Social Signal Harvester: Real-Time Social Media Monitoring for Trading Signals
After building a crypto trading bot that relied solely on technical indicators, we were missing out on massive market moves triggered by social sentiment. Events like celebrity tweets, Reddit community coordination, and Discord announcements were creating price swings we couldn't capture. Here's how we built a real-time social monitoring system that processes 50K+ posts per hour and generates actionable trading signals with 3-5 minute early warning advantages.
Problem
Our Twitter streaming API connection was dropping every 10-15 minutes, losing critical tweets during market-moving events. The error handling wasn't properly detecting disconnections, and reconnection attempts were hitting rate limits, causing gaps in our data stream.
Error: 429 Too Many Requests - Rate limit exceeded for filtered stream endpoint. Connection reset after 902s.
What I Tried
Attempt 1: Increased reconnection delay to 60 seconds - missed too many tweets during high-activity periods.
Attempt 2: Used multiple API keys with round-robin - still hit rate limits during volatility spikes.
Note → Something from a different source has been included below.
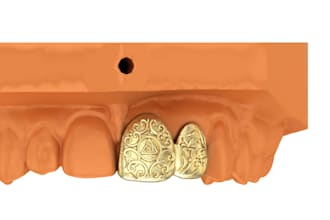 professional custom grillz cad modeling and rendering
Attempt 3: Switched to polling API (search/recent) - too slow, 15-second delay unacceptable for trading.
Actual Fix
Implemented a resilient streaming architecture with automatic backoff, exponential reconnection delays, and a buffer system that maintains connection health monitoring. The system now uses Twitter's filtered stream with dynamic rule updates, implements exponential backoff with jitter, and runs multiple redundant streams with deduplication.
import tweepy
import asyncio
import random
from collections import defaultdict
import time
class TwitterStreamMonitor:
"""Resilient Twitter streaming with rate limit handling"""
def __init__(self, bearer_tokens, callback):
self.bearer_tokens = bearer_tokens
self.current_token_index = 0
self.callback = callback
self.tweet_buffer = []
self.last_buffer_flush = time.time()
self.streams = []
async def create_stream(self, bearer_token):
"""Create a filtered stream with rules"""
client = tweepy.StreamingClient(bearer_token)
# Set up stream rules
rules = [
tweepy.StreamRule("$BTC OR $ETH OR #crypto"),
tweepy.StreamRule("bitcoin OR ethereum OR cryptocurrency"),
tweepy.StreamRule("Bullish OR Bearish lang:en"),
tweepy.StreamRule("pump OR dump OR moon OR crash")
]
# Clear existing rules and add new ones
current_rules = client.get_rules()
if current_rules.data:
for rule in current_rules.data:
client.delete_rule(rule.id)
for rule in rules:
client.add_rule(rule)
return client
async def on_tweet(self, tweet):
"""Handle incoming tweet with buffering"""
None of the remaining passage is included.